## The problem
All of the listing should be output exactly, apart from the pictures.

*** Opening of Provided material ***

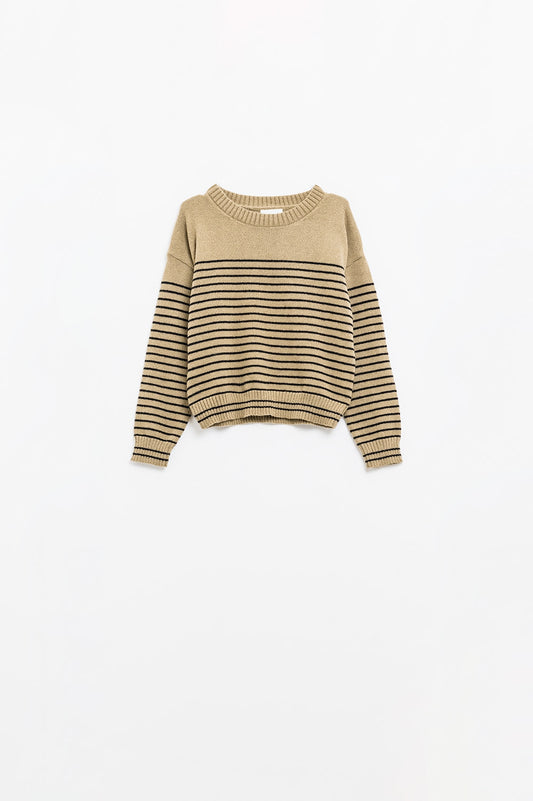 Pull beige à rayures noires et col bateau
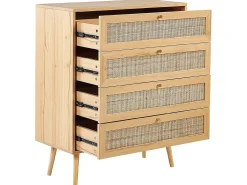 Cassettiera 4 cassetti PEROTE Rattan Marrone chiaro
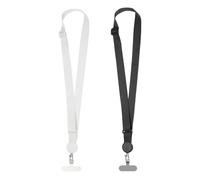 PATIKIL Adjustable Phone Lanyard, 2 Pack Polyester Crossbody Phone Strap Universal Cellphone Lanyard with Patch Neck Strip for Most Smartphones, Black/White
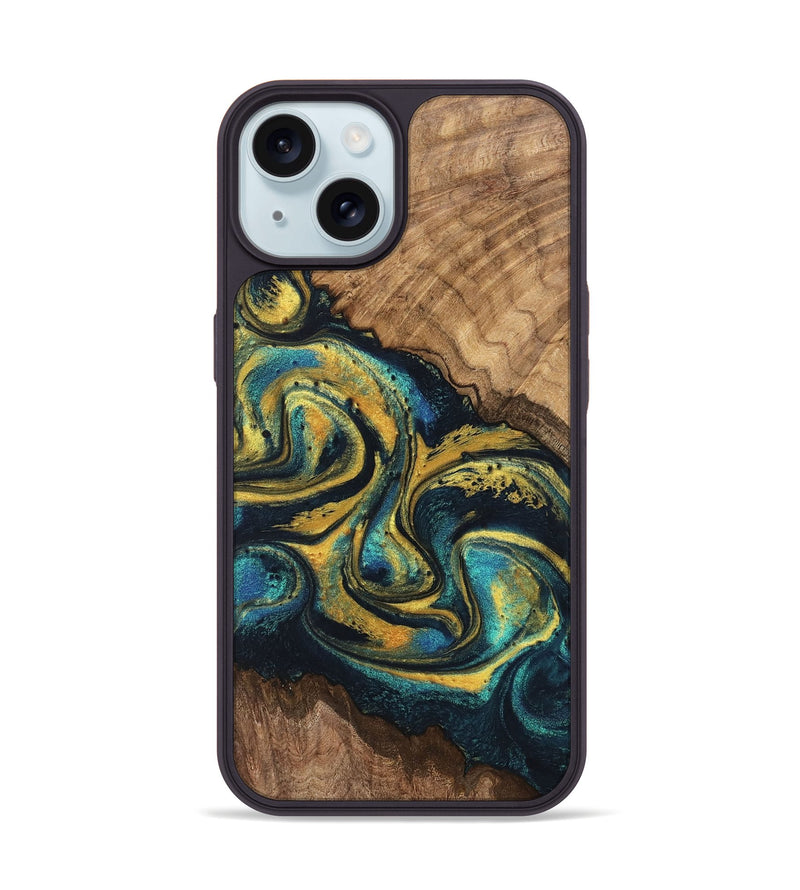 iPhone 15 Wood Phone Case - Dereck (Teal & Gold, 746379)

*** Close of Provided material ***

## Task output
 Pull beige à rayures noires et col bateau
 Cassettiera 4 cassetti PEROTE Rattan Marrone chiaro
 PATIKIL Adjustable Phone Lanyard, 2 Pack Polyester Crossbody Phone Strap Universal Cellphone Lanyard with Patch Neck Strip for Most Smartphones, Black/White
 iPhone 15 Wood Phone Case - Dereck (Teal & Gold, 746379)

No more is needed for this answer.